I membri del Ucoii non hanno mai proclamato alcunché quando solo poche donne erano in prima linea – rischiando il linciaggio da parte di alcuni appartenenti alla comunità musulmana – al processo contro Mohamed padre di Hina Saleem, o contro El Ketawi, padre di Sanaa Dafani. Non c’è stato nessun impegno per la vicenda di Sana Cheema di Brescia uccisa in Pakistan perché ritenuta troppo indipendente. Per non parlare poi della madre di Sheen Butt, uccisa perché voleva difendere la figlia che, secondo la sua comunità, disonorava il nome della famiglia paterna.

Si sono mai espressi con condanne precise, richiamando il rispetto alla libertà individuale e religiosa sancite dalla Carta dei diritti fondamentali dell’unione europea? Mai una presa posizione contro le segregazioni o le impiccagioni delle donne iraniane che vogliono togliersi il velo. Nessuna presa di posizione chiara sul ritiro della Turchia guidata da Erdogan dalla Convenzione di Istanbul ratificata anche dall’Italia (sub specie matrimoni forzati e mutilazioni genitali) contro la violenza di genere.

Andare contro a matrimoni forzati, emancipare le donne da destini d’inferiorità, ricondurre le cittadine a pari diritti e opportunità legali e costituzionali in materia di eredità, scelte matrimoniali, testimonianza e partecipazione civica, non è un puro esercizio di esteriorità, ma un duro lavoro quotidiano per il cambio dei paradigmi discriminatori.
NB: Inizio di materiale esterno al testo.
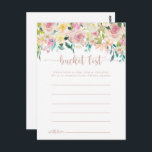 Rose Gold Spring Floral Bucket List Karten<br><div class="desc">Diese Rose goldgelben Frühlingszettel sind die perfekte Wahl für einen rustikalen Hochzeitsempfang oder Brautparty. Das Design besticht durch eine Fülle von bunten Pfannkuchen und grünem Blattwerk, das schön in hübsche Bouquets eingefasst ist und die natürliche Schönheit inspiriere. Ändern Sie den Wortlaut in Anzug jedes Lebensereignisses. Das Schild der Schaufelliste wird...</div>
È mai possibile che quando Pillon, che è un conservatore esponente politico della Lega si dichiara contro l’aborto, noi donne e uomini paladini dei diritti l’avversiamo (giustamente), e poi si tenda a sorvolare sui conservatori islamici che su questo tema la pensano tale e quale.

Pertanto diciamo NO alla strumentalizzazione di questo tema, sia dalla parte politica di destra che di sinistra. Vogliamo ricordare in primis alla coalizione del centro sinistra di cui facciamo parte: se davvero intendiamo risolvere questi problemi in maniera pragmatica, allora dobbiamo uscire da questa contrapposizione. Per tutelare i diritti delle donne musulmane e non solo, è necessario un confronto civile in cui si parte dal fondamento di uno Stato Laico con diritti e doveri tenendo fuori ciò che riguarda la Spiritualità e la Religione.